Noch ist Biodiversität ein Nischenthema in der Immobilienwirtschaft. Doch das ändert sich gerade. Denn Eigentümer integrieren verstärkt Arten- und ­Naturschutzmaßnahmen in ihre Nachhaltigkeits-strategie und Investoren achten zunehmend auf entsprechende Informationen.

Immobilien gelten gemeinhin nicht als förderlich für Flora und Fauna, weil ihr Bau enorme Ressourcenmengen benötigt und der Bauprozess erhebliche Umweltbelastungen durch Lärm, Staub und Chemikalien verursacht. Darüber hinaus versiegeln sie Flächen, wodurch wichtige Bodenfunktionen, wie Wasserdurchlässigkeit und Bodenfruchtbarkeit, verloren gehen. Das hat massive ökologische Auswirkungen.

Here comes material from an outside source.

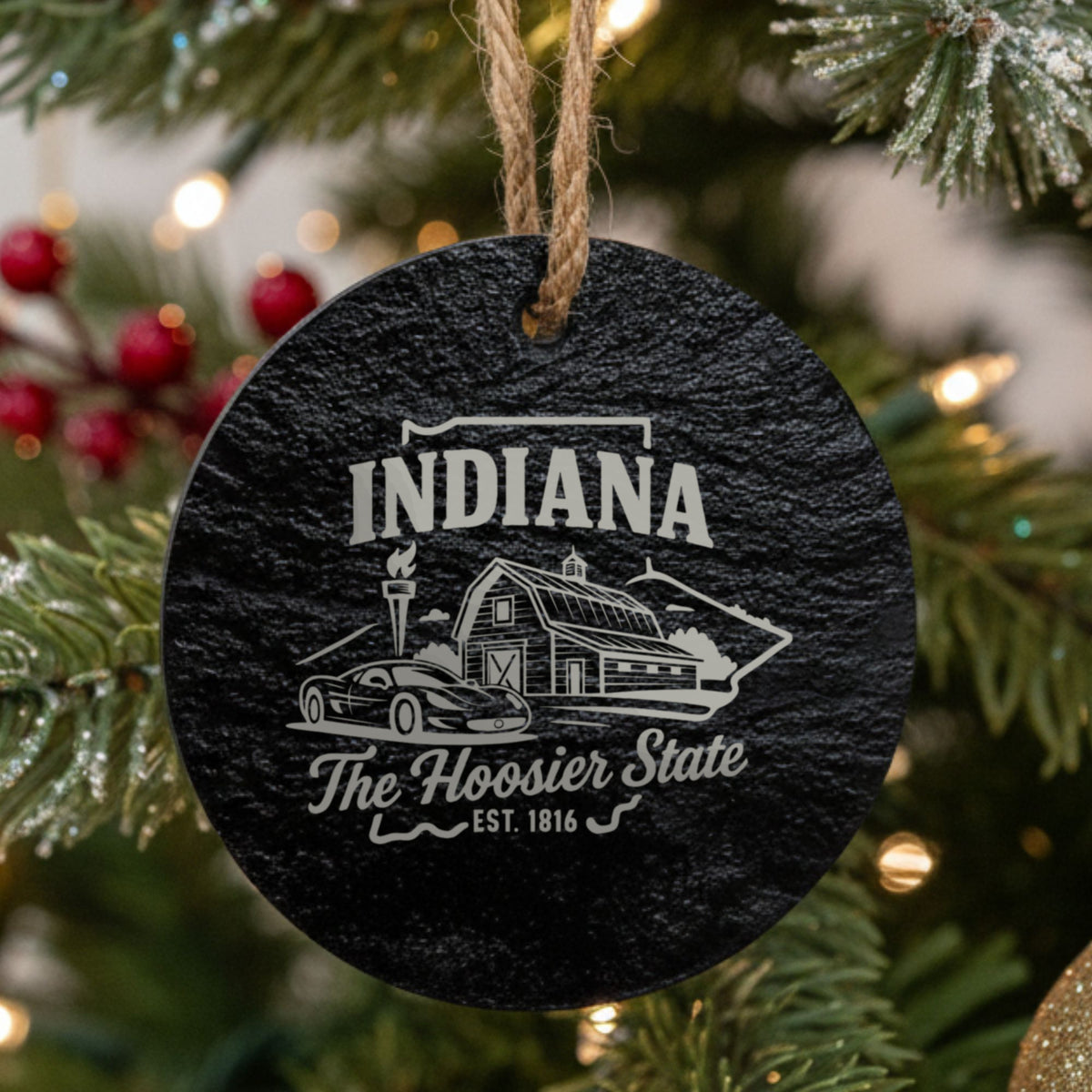 Round slate Christmas ornament laser engraved with an Indiana design of a red barn, a race car and a torch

Einerseits haben CO2-speichernde Pflanzen und wichtige Bestäuberinsekten auf bebauten Flächen keinen Lebensraum, andererseits entsteht in ­Ballungsräumen ein Stadtklima, das durch erhöhte Lufttemperaturen im Vergleich zu ­naturbelassenen Räumen geprägt ist. Zudem versickert Regenwasser aufgrund der Bodenversiegelung nur schwer und muss über Kanalsysteme abgeleitet werden. Bei Starkregen ist das fatal. Denn die Rohre fassen die Wassermengen meist nicht, weshalb Rückstauungen entstehen, in deren Folge es zu Überflutungen kommen kann.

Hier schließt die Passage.